What incubators can learn from 2020 and prioritise for 2021
While the world pins its hope on an effective COVID-19 vaccine, many countries have already started exploring the next frontiers of their economic recovery and national development. Recently, India launched the Aatmanirbhar initiative to make in India, for India and the world.
Despite the lockdowns and depressed spirits, Uttar Pradesh and Delhi have announced ambitious plans to become favoured destinations for global startups. Programmes announced by ISRO and RBI, encouraging spacetech and fintech startups, look poised to strengthening India’s innovation ecosystem.
There is increased interest to provide more support to startups in key areas like health, education, agriculture, and energy, with incubators playing a critical catalytic role.
Events of 2020 are an opportunity for incubators to reflect on their mission and effectiveness in building successful startups. Incubators need to evolve themselves into viable institutions while they continue to help launch and scale successful startups.
A conversation with incubator management teams about their KPIs and outcomes often reveals metrics on the number of startups that have gone through their programmes, the number of mentor hours or even the number of workshops conducted. While these are legitimate indicators of an incubator’s operations, they do not throw adequate light on the impact that incubators are expected to produce, i.e. startup success.

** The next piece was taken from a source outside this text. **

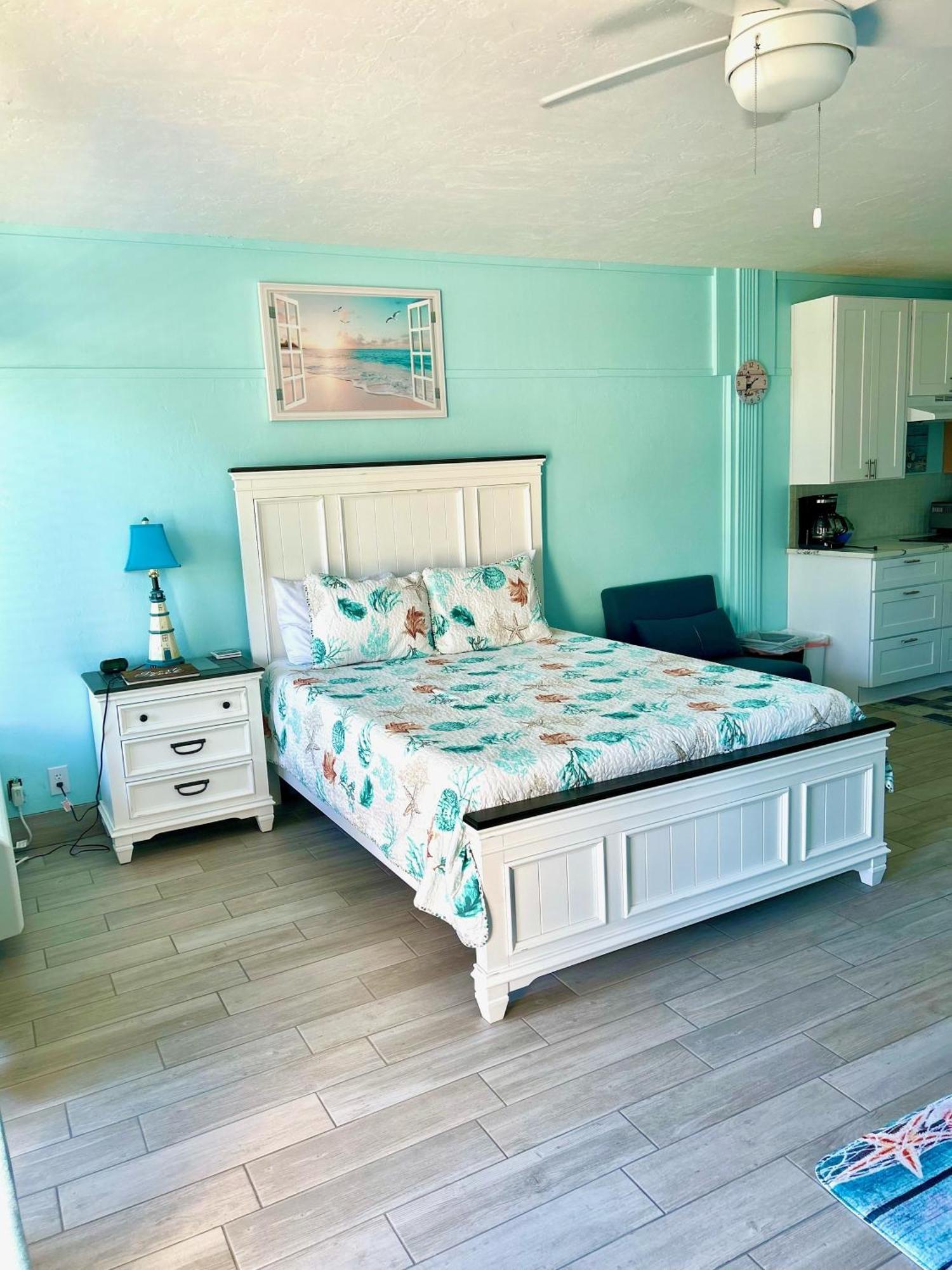 Park Place Unit 130 Cedar Key Exterior photo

A more useful set of measures will track the number of startups that meet business goals defined at the commencement of the incubation programme, and hence have “graduated” based on goal achievement rather than the fact that the last day of the programme has arrived.

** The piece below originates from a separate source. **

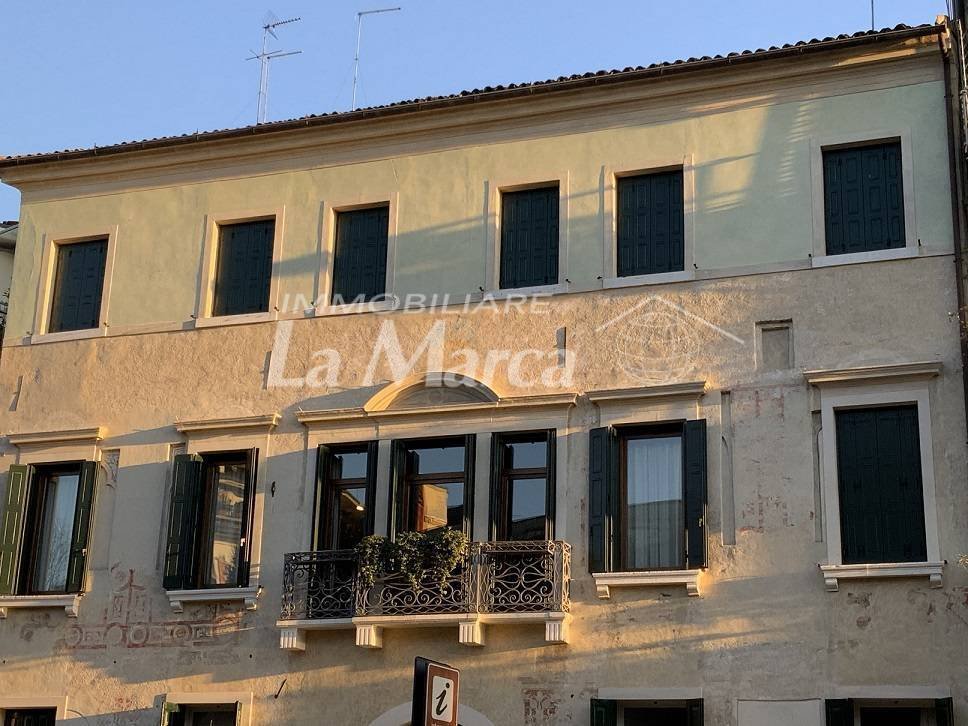 Apartment in Cathedral - Piazza dei Signori, Treviso, Italy 1 - 16555612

In a typical incubation programme of three to four months, startups usually experience changes in their products, business model, and target customer segments, but few early-stage startups see a phenomenal jump in their revenues or funding.
Hence, incubators must track their graduates or alumni over time to see how many are still operational, and how well they are performing against market benchmarks of revenues, profits, institutional fundraise, and jobs created. Startup success measured through this lens is the ultimate statement on incubator effectiveness.
Customised startup support
To ensure startup success, an incubator’s core responsibility is to provide multi-dimensional and customised support to each venture in their cohort (if it is a cohort-based programme). But, without a reliable mirror to reflect each startup’s unique strengths and improvement areas, incubators often go astray in their support – offering mentoring or workshop inputs that may not be of interest or relevance to a startup’s needs.
Incubators also need an objective system to continuously evaluate how well startups are maturing. An underlying framework, like the Startup Maturity Model and allied assessment methods, must become important parts of the incubator’s solution set.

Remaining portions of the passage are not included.